# How do I create plots in pandas?
![image.png](attachment:c0934571-2f32-4c18-96c5-513408eb0163.png)

In [1]:
# As always, let's ensure we first import the necessary packages:
import pandas as pd

import matplotlib.pyplot as plt

Then, let's read in our data, define the first column as index values (integer positions of each row) and convert the dates to Timestamp objects.

In [2]:
air_quality = pd.read_csv("../../air_quality_datasets/air_quality_no2.csv", index_col=0, parse_dates=True)

FileNotFoundError: [Errno 2] No such file or directory: '../data/air_quality_no2.csv'

## 📌 Using `index_col` and `parse_dates` in `read_csv`

When reading a CSV file into a pandas `DataFrame`, you can use the `index_col` and `parse_dates` parameters to optimize data handling:

- **`index_col`**: This sets a specific column (e.g., the first column, `0`) as the index of the resulting `DataFrame`, similar to how a **table of contents** helps organize a book for quick reference.
- **`parse_dates`**: This converts date columns into pandas `Timestamp` objects, making them **date-aware** and allowing for powerful time-based operations, much like how a **calendar app** understands and organizes dates automatically.

These parameters together ensure that our dataset is structured efficiently, with proper indexing and correctly formatted date values for easy analysis.

In [None]:
air_quality.head()

Let's say that we just want a *quick visual look at the data*...

In [None]:
air_quality.plot()
plt.show()

**Note:** With a DataFrame, pandas creates one line plot for each column with numeric data by default. 

I want to plot only the columns of the data table with the data from London. 

In [None]:
air_quality["station_london"].plot()
plt.show()

**Note:** To plot a specific column, simply use the selection method of the subset data tutorial in combination with the plot() method. Hence, the plot() method works on both Series and DataFrame. 

Now, let's say that we want to **Compare** the NO2 values measured in *Paris vs. London...*

In [None]:
air_quality.plot.scatter(x="station_london", y="station_paris", alpha=0.5)

In [None]:
air_quality.plot.scatter(x="station_paris", y="station_london", alpha=0.5)
plt.show()

Note that with jupyter, it isn't strictly necessary to explicitly write `plot.show()` but it's good practice to include it.

Apart from the default `line` plot when using the `plot` function, a number of alternatives are available to plot data. 

We'll just use some standard Python to get a nice overview of the available plot methods:


In [None]:
for method_name in dir(air_quality.plot):
    if not method_name.startswith("_"):
        print(method_name)  # Display available plotting methods


#### If you're interested in how this selection block works: 
1. **`dir(air_quality.plot)`**:  
   - The `dir()` function lists all attributes (methods and properties) of the `air_quality.plot` object.  
   - `air_quality.plot` is likely a pandas `DataFrame.plot` accessor, which provides various plotting methods.

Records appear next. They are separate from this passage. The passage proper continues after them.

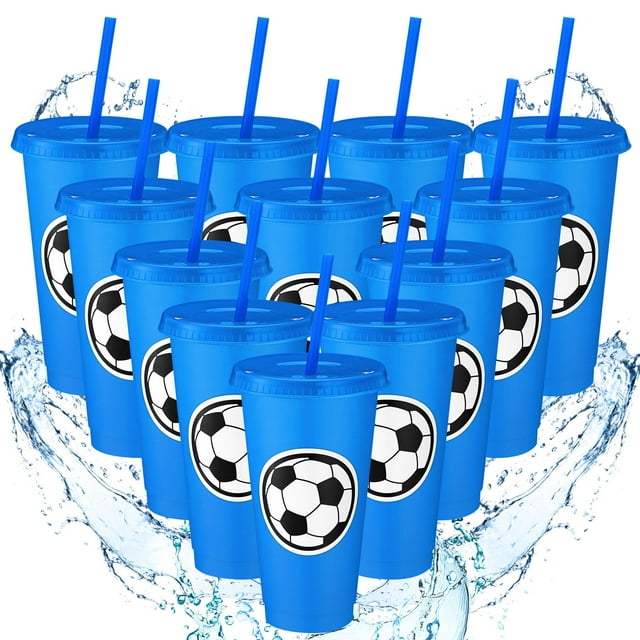 Domensi Juego de 12 Vasos Plásticos Azules de Fútbol con Tapa y Popote 710 ml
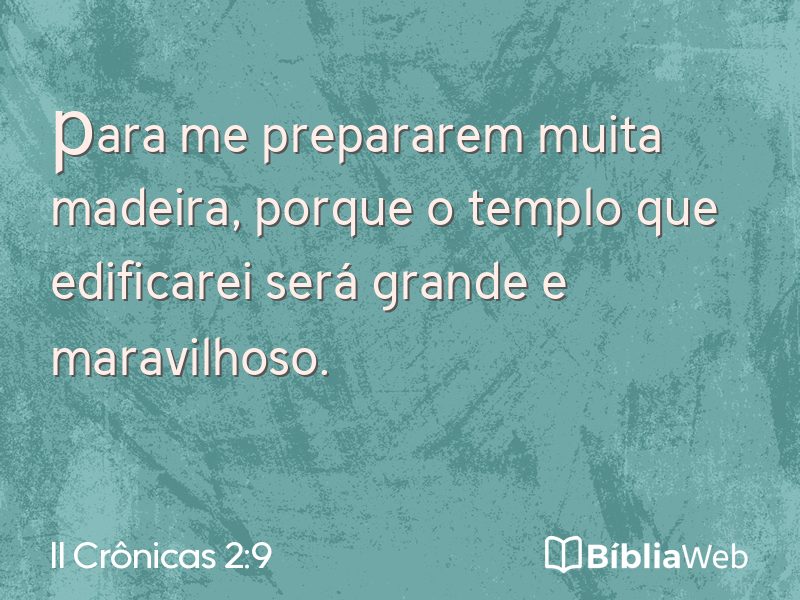 II Crônicas 2:9 em imagem para compartilhar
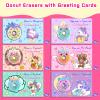 30 Pack Valentines Unicorn Donut Erasers with Cards, Valentines Day Cards for Kids School, Valentines Day Gifts for Kids, Kids Valentines Day Dards, School Classroom Exchange Prizes for Boys Girls view 2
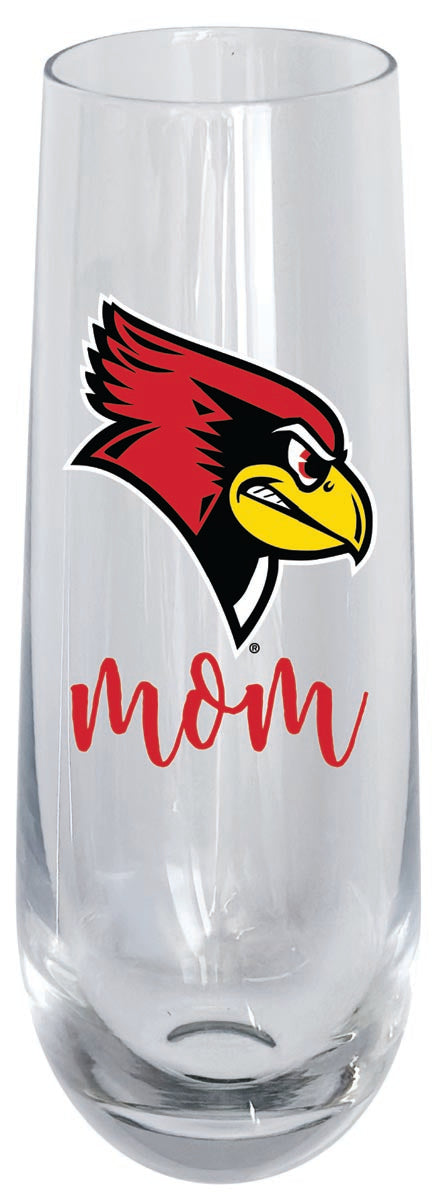 Illinois State Redbirds 10oz Stemless Flute Mom Design Officially Licensed 2-Pack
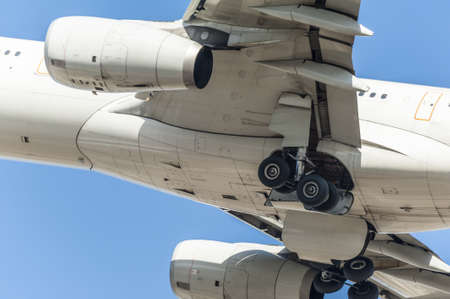 The airplane ready to landの写真素材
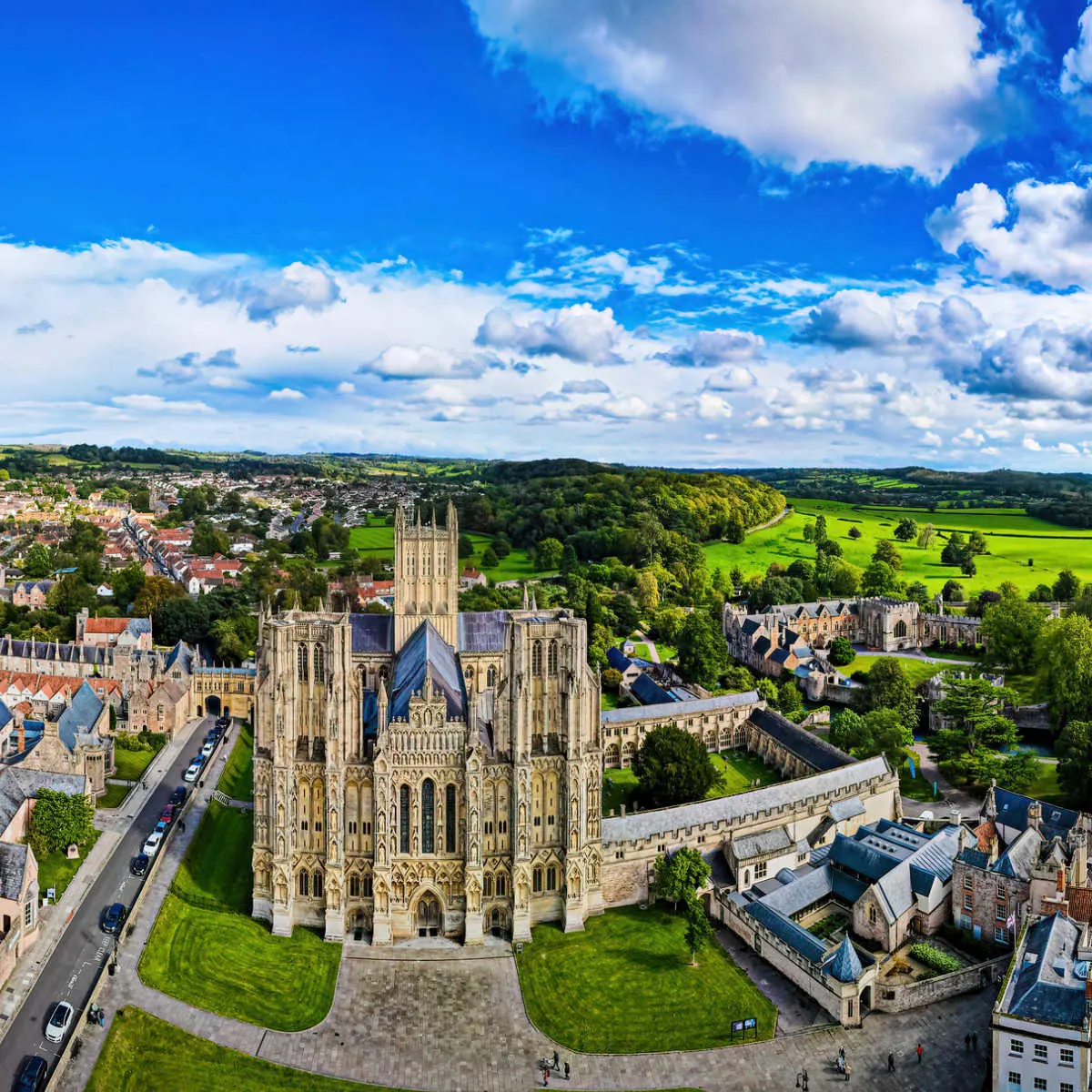Aerial views of Wells Cathedral in UK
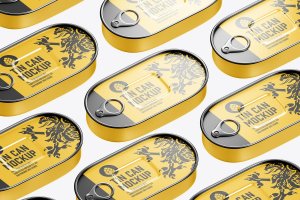 鲮鱼食品罐头包装设计样机模板 Set Food Can Mockup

2. **`for method_name in dir(air_quality.plot)`**:  
   - This is a **list comprehension-style loop** that iterates over each method available in `air_quality.plot`.

3. **`if not method_name.startswith("_")`**:  
   - This filters out methods that start with an underscore (`_`).  
   - In Python, methods starting with `_` are usually **private or internal methods** that are not meant for direct use.


### Note

In many development environments as well as `IPython` and `Jupyter Notebook`, use the `TAB` button to get an overview of the available methods, for example `air_quality.plot. + TAB`.

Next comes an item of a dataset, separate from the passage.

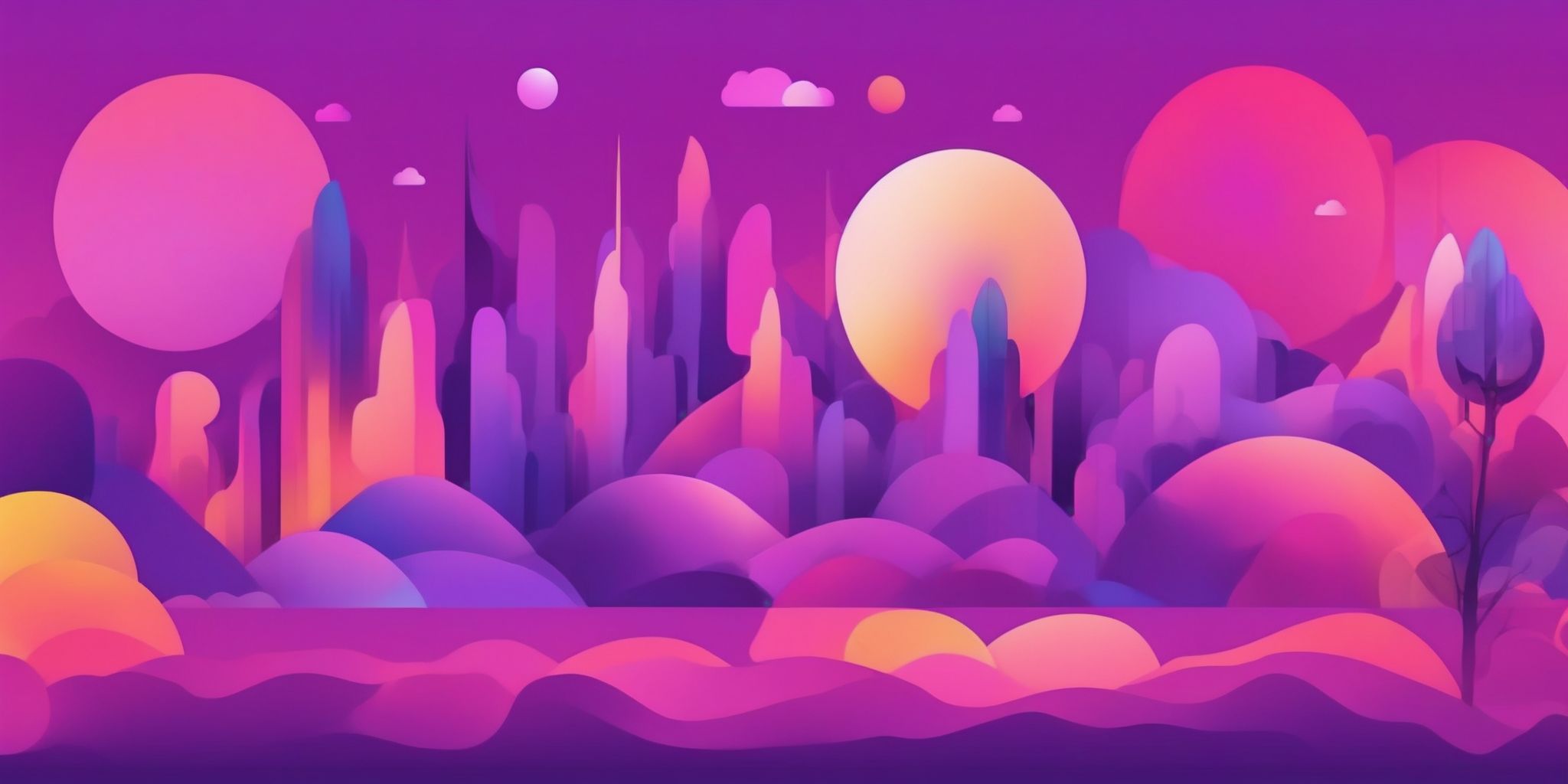 Echo in flat illustration style, colorful purple gradient colors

![image.png](attachment:450ac1fc-fe59-410e-b176-43c43c62975a.png)

One of the options is  `DataFrame.plot.box()`

* this refers to a box plot
* this is applicable in the ocntext of our air quality data...

In [None]:
air_quality.plot.box()

Now, I want each of the columns from our DF in a separate plot...

In [None]:
axs = air_quality.plot.area(figsize=(12,4), subplots=True)

Separate **subplots** for each of the data columns are supported  by the `subplots` argument of the `plot` function(s).

**Note**: The built-in options for each of the pandas plot functions are worth reviewing. 

Now, let's look into customzing, extending, or saving the result. 


In [None]:
fig, axs = plt.subplots(figsize=(12,4))
air_quality.plot.area(ax=axs)
axs.set_ylabel("NO$_2$ concentration")
fig.savefig("no2_concentrations.png")

* Each of the plot objects created by pandas is a Matplotlib object.
* As MatplotLib porvides plenty of options for plot customization,
    * Making the link between pandas and MatplotLib explicit enables all the power of MatplotLib to the plot
i.e.:

In [None]:
fig, axs = plt.subplots(figsize=(12, 4))        # Create an empty Matplotlib Figure and Axes
air_quality.plot.area(ax=axs)                   # Use pandas to put the area plot on the prepared Figure/Axes
axs.set_ylabel("NO$_2$ concentration")          # Do any Matplotlib customization you like
fig.savefig("../visualizations/no2_concentrations.png")           # Save the Figure/Axes using the existing Matplotlib method.
plt.show()                                      # Display the plot

REMEMBER: 
* The `.plot.*` methods are applicable on both `Series` and `DataFrames.`
* By default, each of the columns is plotted as a different element (line, boxplot,…).
* Any plot created by pandas is a Matplotlib object.